(Caption-style text data)
□ □ □ □ □

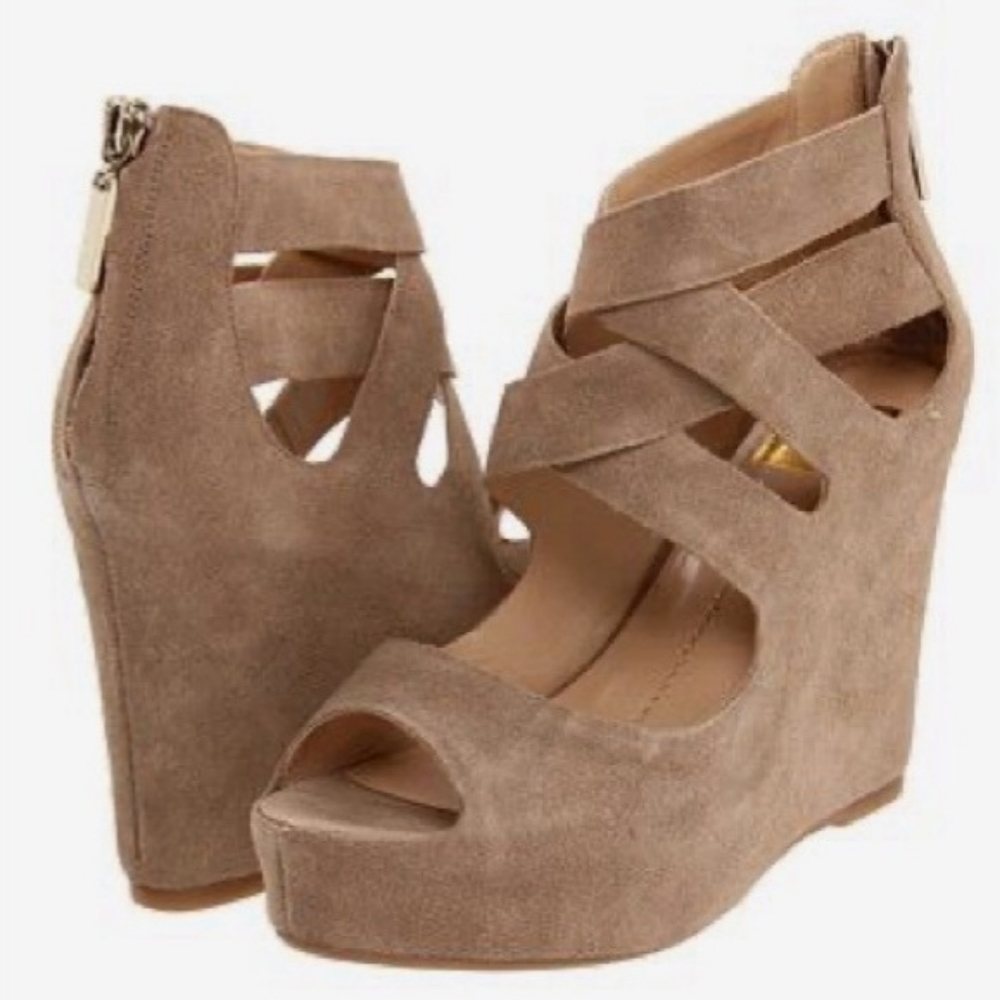 Dolce Vita Jude Wedge Sandal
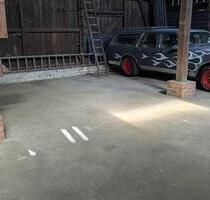 Stellplatz Garage Halle f. Wohnmobil, AUTO, PKW, KRAD - Chemnitz Altendorf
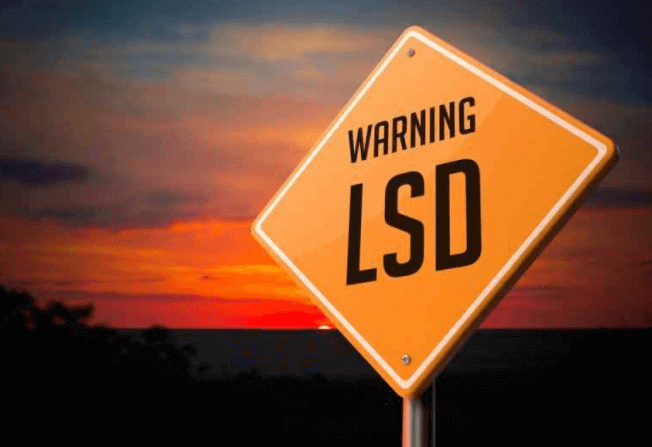 Nghiêm cấm sử dụng LSD dưới mọi hình thức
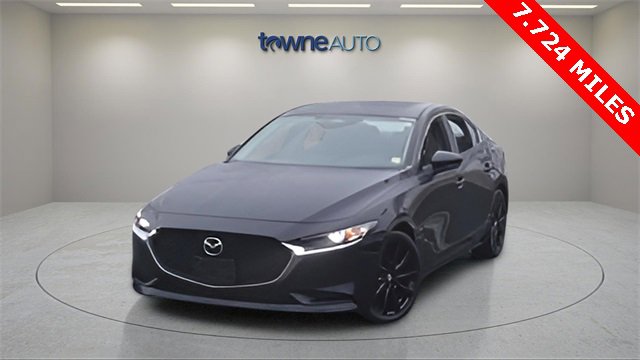 Used 2025 MAZDA MAZDA3 s image 7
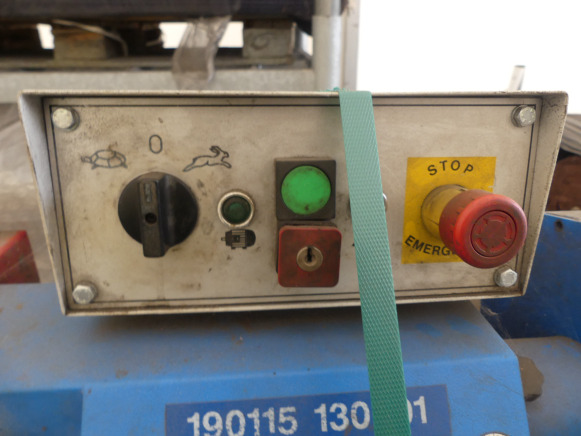 Touret à meuler double tête Aceti Machinne 108 - Metallbearbeitungsmaschine: das Bild 5 Touret à meuler double tête Aceti Machinne 108 - Metallbearbeitungsmaschine: das Bild 5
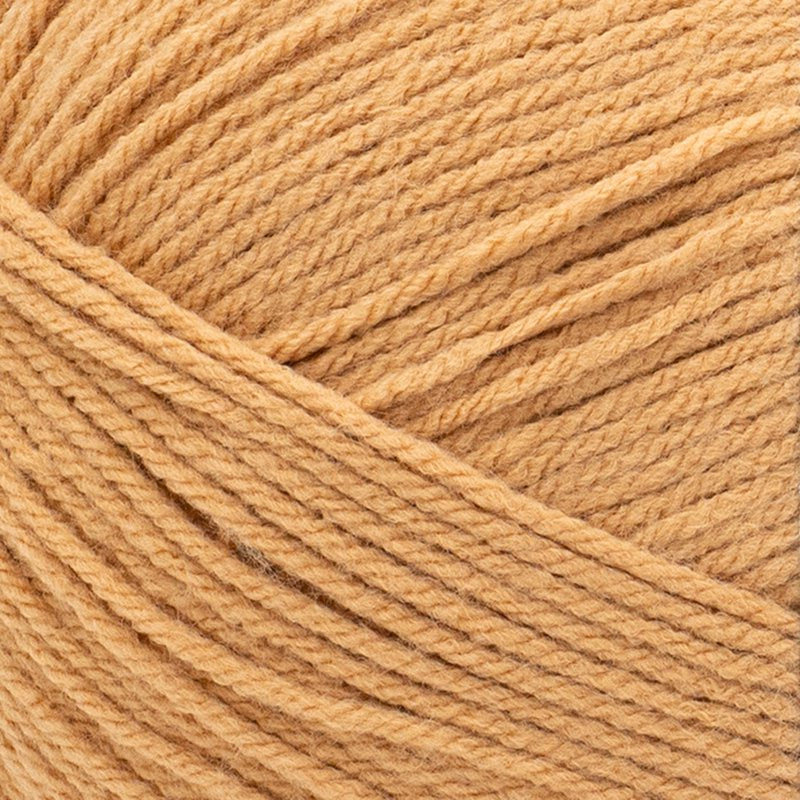 Lion Brand Pound of Love Yarn Pumpkin Pie - Worsted Weight Orange 16 oz 1020 yards, Single Variation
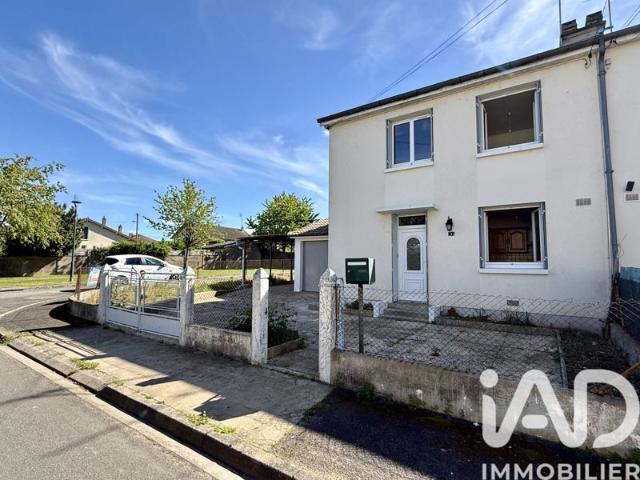 Vente Maison/villa 5 pièces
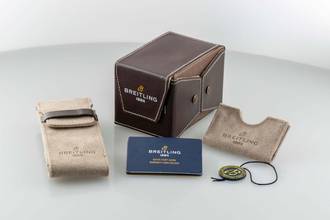 Thumbnail von Breitling Superocean Heritage II Automatik Stahl A13313121B1A1 B&P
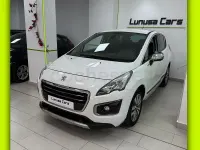 Usado Peugeot 3008 Style 150 CV (110 kW) 2016 Blanco Berlina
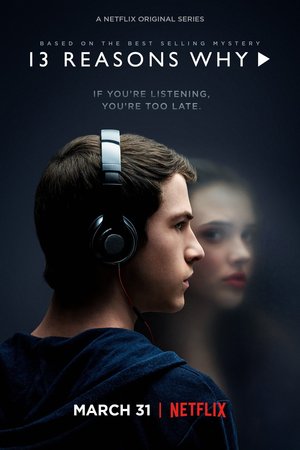 13 Reasons Why (TV Series 2017- ) DVD Release Date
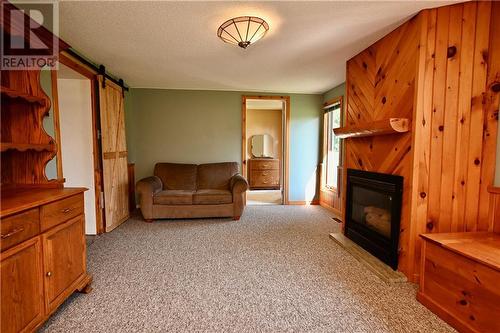 27 Meadow Street, Cobden, ON - Indoor With Fireplace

□ □ □ □ □

__PROBLEM DESCRIPTION__:
Set every entry down again word for word, but not the pictures.

__SOLUTION FOR THIS EXERCISE__:
 Dolce Vita Jude Wedge Sandal
 Stellplatz Garage Halle f. Wohnmobil, AUTO, PKW, KRAD - Chemnitz Altendorf
 Nghiêm cấm sử dụng LSD dưới mọi hình thức
 Used 2025 MAZDA MAZDA3 s image 7
 Touret à meuler double tête Aceti Machinne 108 - Metallbearbeitungsmaschine: das Bild 5 Touret à meuler double tête Aceti Machinne 108 - Metallbearbeitungsmaschine: das Bild 5
 Lion Brand Pound of Love Yarn Pumpkin Pie - Worsted Weight Orange 16 oz 1020 yards, Single Variation
 Vente Maison/villa 5 pièces
 Thumbnail von Breitling Superocean Heritage II Automatik Stahl A13313121B1A1 B&P
 Usado Peugeot 3008 Style 150 CV (110 kW) 2016 Blanco Berlina
 13 Reasons Why (TV Series 2017- ) DVD Release Date
 27 Meadow Street, Cobden, ON - Indoor With Fireplace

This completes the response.